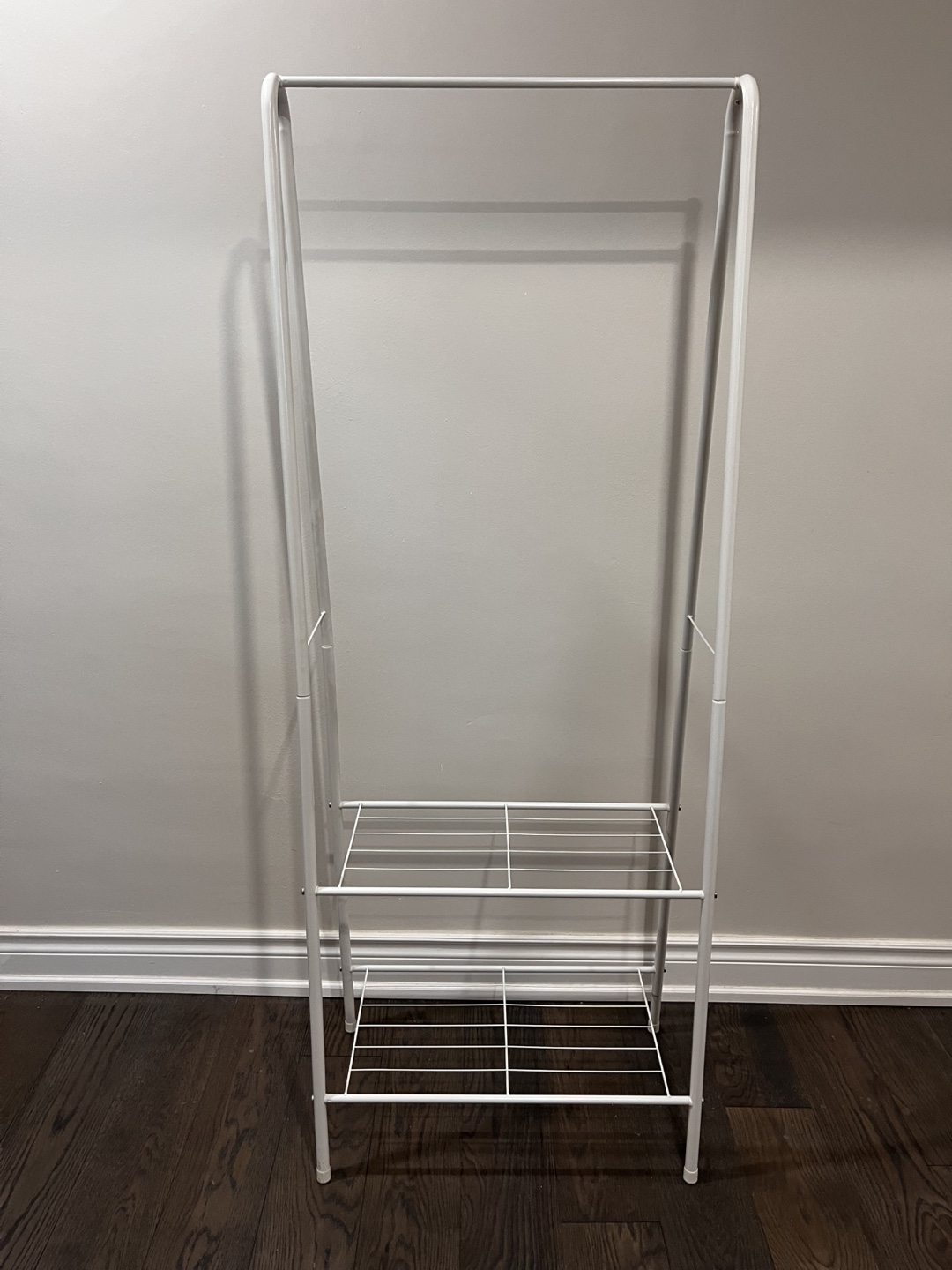 White Metal Garment Rack
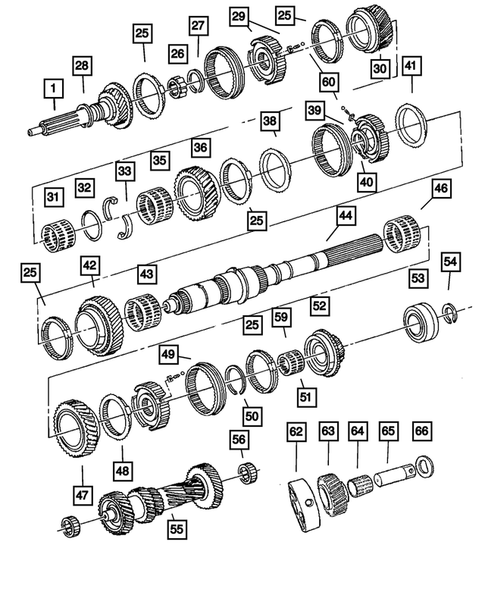 Gear Train for 2003 Jeep Liberty #0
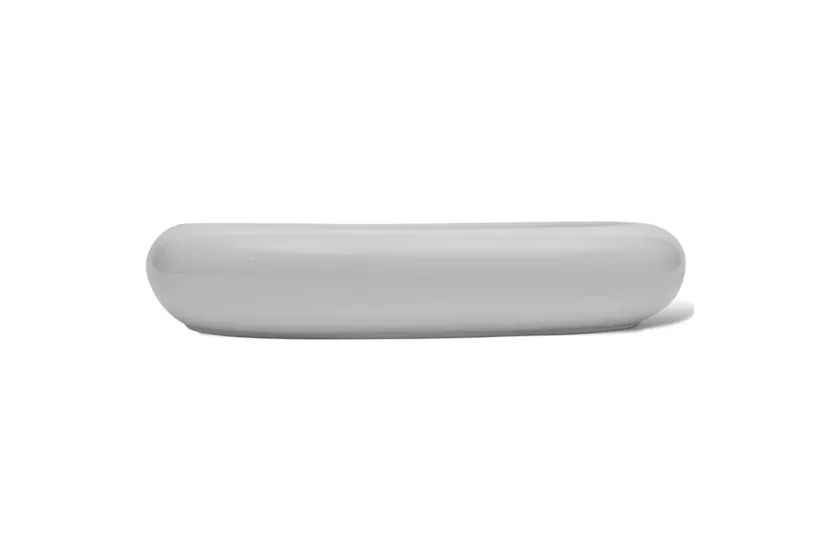 vidaXL 275496 Bathroom Basin With Mixer Tap Ceramic Oval White vidaXL 275496 Bathroom Basin With Mixer Tap Ceramic Oval White
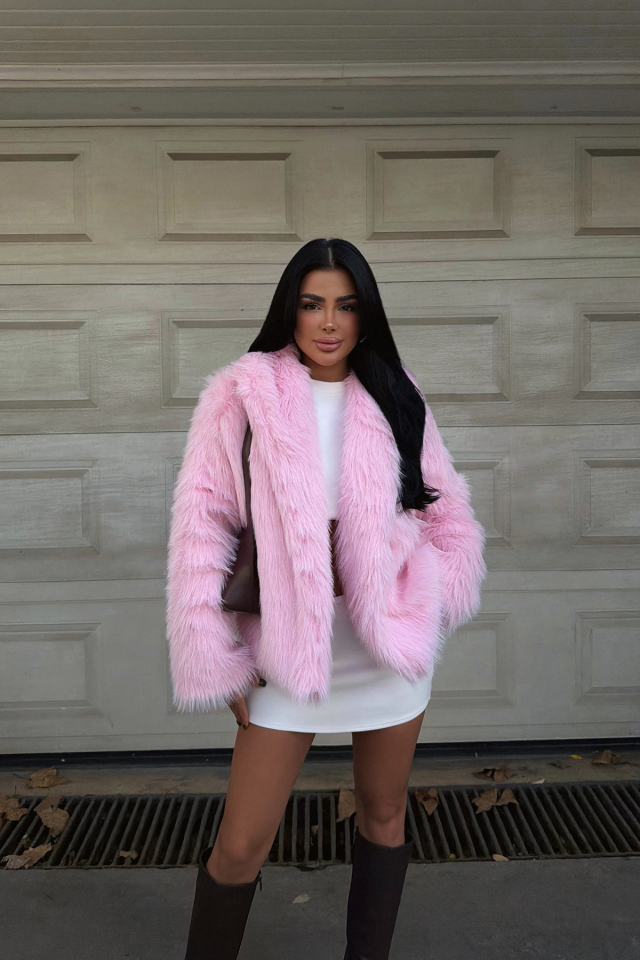 Pembe Rufina Kürk ATE-3863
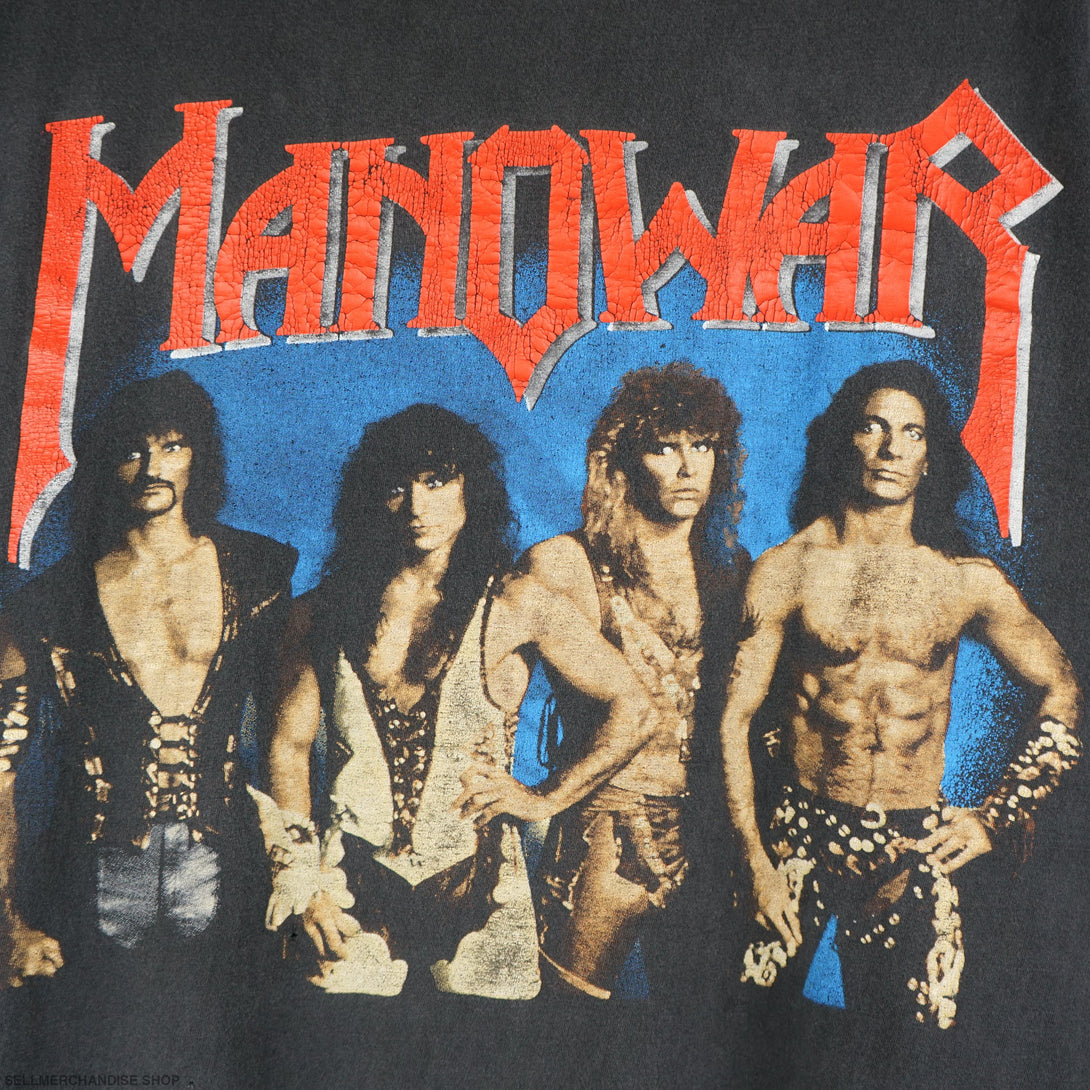 Vintage 1989 Manowar Tour T-Shirt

◇ ◇ ◇ ◇ ◇ ◇ ◇

▸ Activity: From the first line to the last, retype the data exactly, but omit every image.

▸ Answer space:
 White Metal Garment Rack
 Gear Train for 2003 Jeep Liberty #0
 vidaXL 275496 Bathroom Basin With Mixer Tap Ceramic Oval White vidaXL 275496 Bathroom Basin With Mixer Tap Ceramic Oval White
 Pembe Rufina Kürk ATE-3863
 Vintage 1989 Manowar Tour T-Shirt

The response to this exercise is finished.